What you are asked to do —
Pictures stay out; everything else in the listing below is to be restated word for word.

[[ Dataset section open ]]

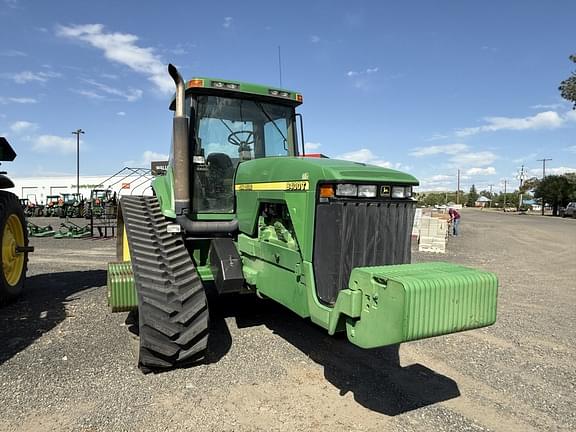 Image of John Deere 8400T equipment image 3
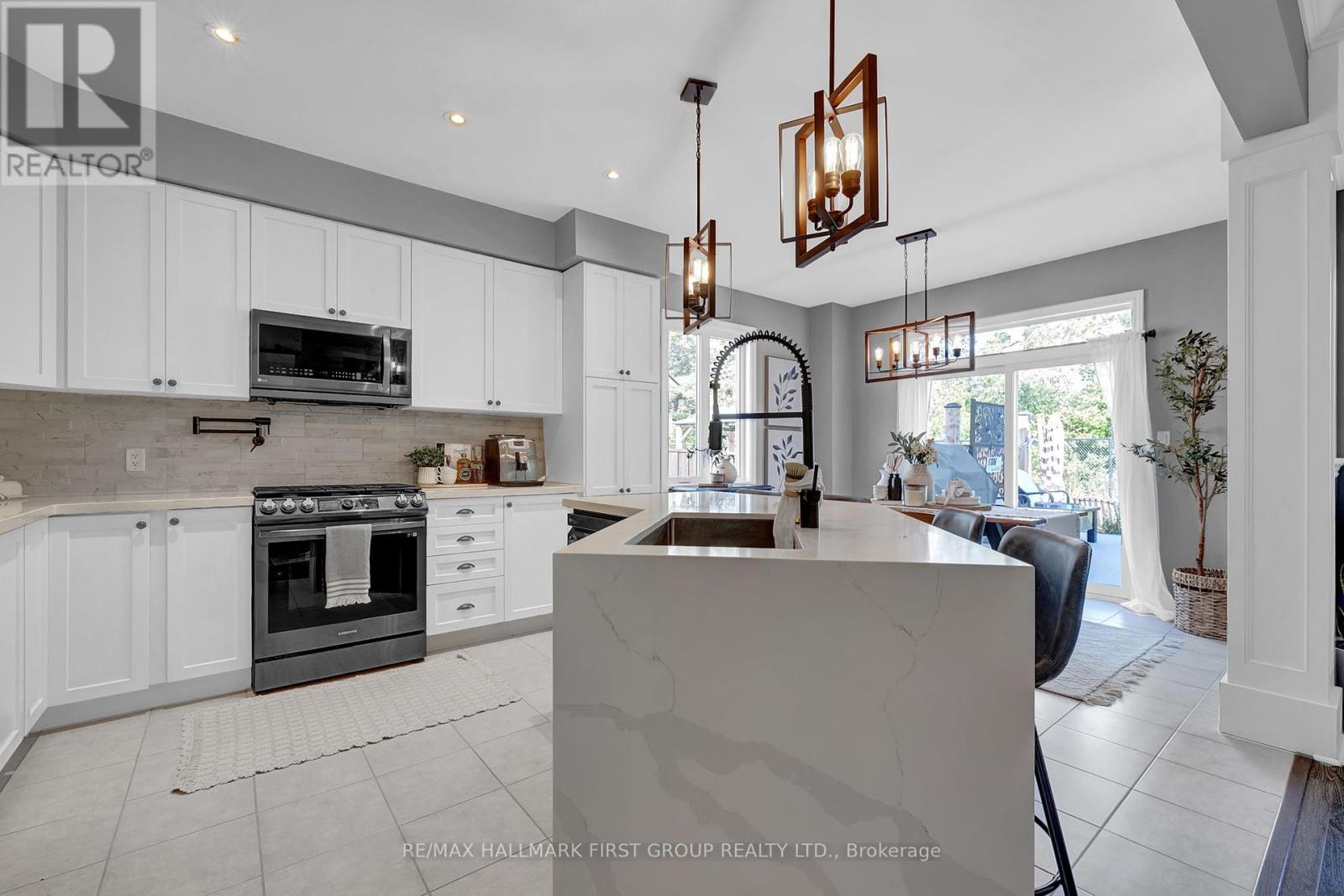 7 Primeau Crescent, Kawartha Lakes (Lindsay), Ontario  K9V 0M6 - Photo 5 - X12414497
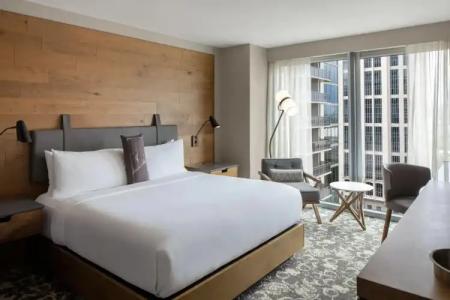 Epicurean Atlanta, Autograph Collection - 4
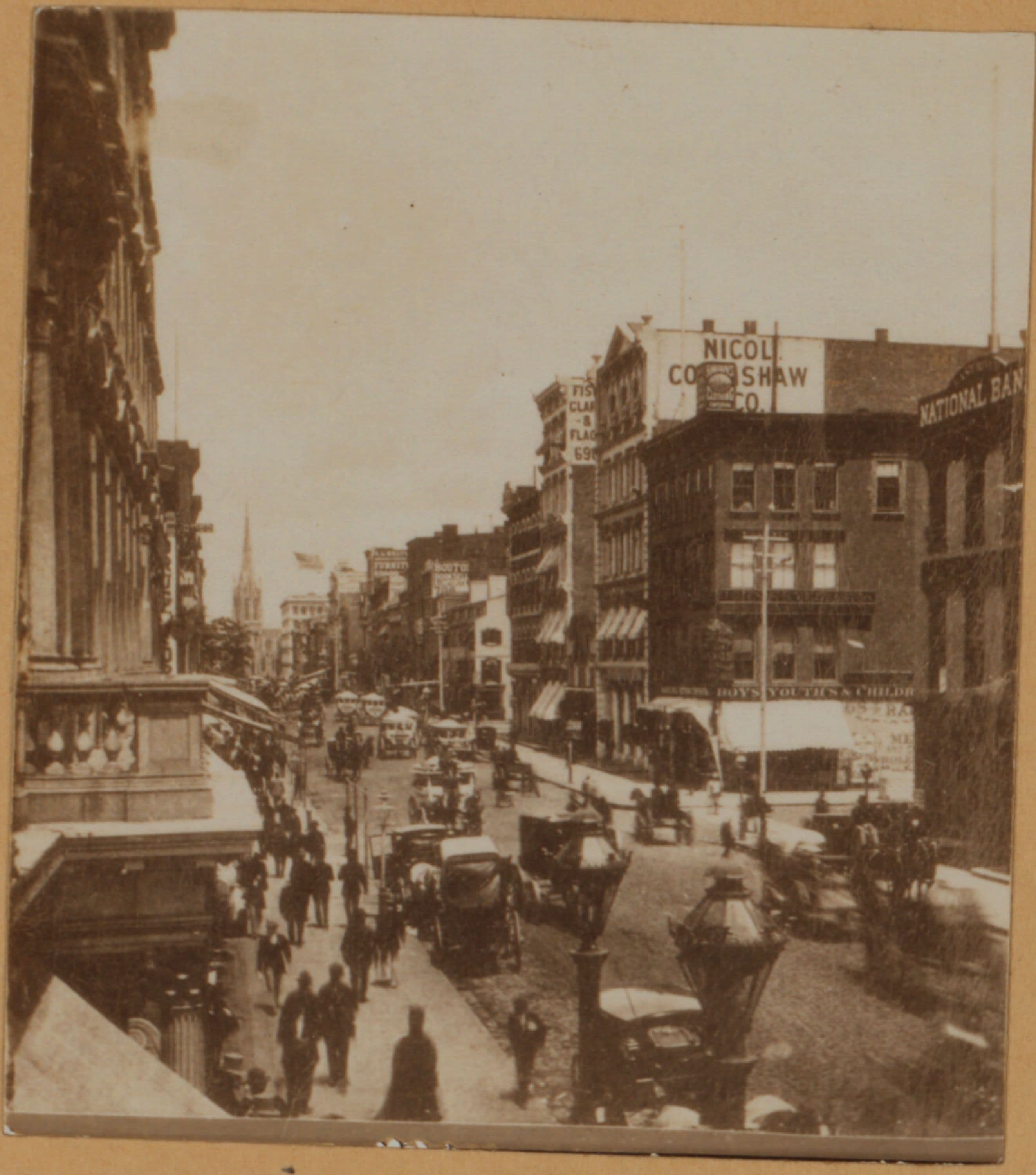 Manhattan: Broadway - Bond Street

[[ Dataset section closed ]]

Reply —
 Image of John Deere 8400T equipment image 3
 7 Primeau Crescent, Kawartha Lakes (Lindsay), Ontario  K9V 0M6 - Photo 5 - X12414497
 Epicurean Atlanta, Autograph Collection - 4
 Manhattan: Broadway - Bond Street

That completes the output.